Ficción y realidad de "Juan Croniqueur"

  • Alberto Tauro

Durante los años iniciales del siglo XX, el periodismo peruano estaba muy lejos de corresponder a las posibilidades de comunicación que dejaba esperar la habilidad de los redactores; y es fácil advertir que las noticias no eran procesadas adecuadamente. Cada periódico se distinguía por la peculiar orientación que el director le impartía en sus notas editoriales, desarrolladas en tono declamatorio y con una especiosa argumentación que a veces tendía a preparar las sugestiones apocalípticas del párrafo final. El registro de los acontecimientos cotidianos, fragmentado en apuntaciones sin refinamiento ni opinión, correspondía a la crónica; y el cronista solía ser por eso un principiante, a quien se encargaba la tarea de cernir los datos depositados en el buzón del periódico o recolectados en las oficinas gubernativas, las comisarías y los centros de la vida local. Las notas respectivas habían sido publicadas durante mucho tiempo en una columna que constituía la principal comidilla del vulgo, pues en ella se daba cabida a nombramientos administrativos, ceremonias escolares, celebraciones familiares, espectáculos, hechos policiales, sorteos de la lotería y aun recetas domésticas; pero ya había desaparecido su convencional agregación y, conservando tanto su carácter enunciativo como la relativa monotonía de su presentación, aparecían separadas las noticias que afectaban a los trajines palaciegos, la vida social y militar, la crónica judicial, los asuntos policiales, teatros y teatralerías, turf y “sport”, movimiento de vapores y pasajeros, correos, localidades aledañas, crónica religiosa, y aun esporádicos acopios de “hechos diversos” y datos curiosos. Los colaboradores, temáticamente especializados, enderezaban sus artículos hacia la exposición o la crítica de los actos gubernativos. Y cada edición otorgaba espacios a despachos cablegráficos y extractos de la prensa extranjera, circulares institucionales, divulgaciones o debates en torno a problemas técnicos, reseñas históricas o creaciones literarias. Todo ello, sin ninguna gracia tipográfica, y elementalmente ajustado a la decisión de los cajistas, que sólo cuidaban la sucesiva integración de las columnas.

Mientras prestó su apoyo a la redacción de La Prensa, José Carlos Mariátegui atendió afanosamente al aprendizaje de ese periodismo.

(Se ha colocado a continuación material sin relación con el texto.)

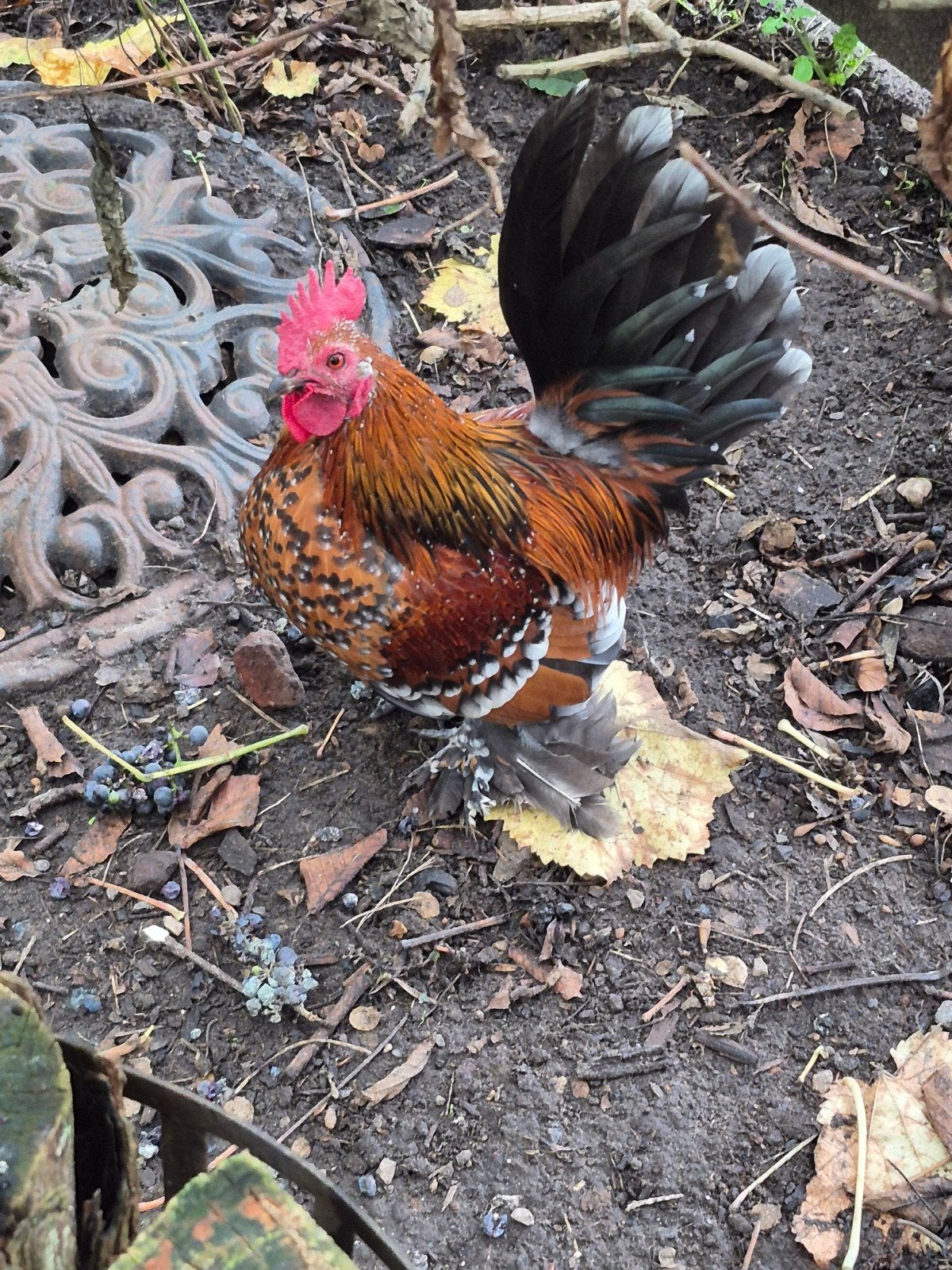 Nederlandse sabelpootkriel Haan, Mâle, Poule ou poulet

Demostró aptitudes y ductilidad que todos apreciaron; y puede estimarse que por consenso fue promovido a una plaza de cronista, cuando Hermilio Valdizán la dejó vacante al obtener su título de médico-cirujano (1910). Se consagró entonces a la información policial, y acertó a presentar los hechos con alguna imaginación. Se abstuvo de aplicar a los criminales los artificiosos prejuicios lombrosianos, escrutó en las causas y los móviles de los delitos, identificó las simulaciones de los acusadores aviesos, y destacó la tristeza de cuantos sufren la maldad o la injusticia. Suscitó así los comentarios de los redactores, que unas veces aplaudían la vena novelesca de alguna crónica, o en ciertas ocasiones sonreían ante una aparente cursilería de la historia narrada. Pero esas reacciones no podían satisfacer al escritor adolescente; porque no trascendían del ámbito de la oficina, y tanto sus criterios profesionales como su individualismo reclamaban el eco de la opinión pública. Decidido al fin a quebrar la barrera que le oponía su anónima participación en las tareas de la redacción, deslizó un artículo (24-11-1911) suscrito con el discrecional seudónimo de “Juan Croniqueur”.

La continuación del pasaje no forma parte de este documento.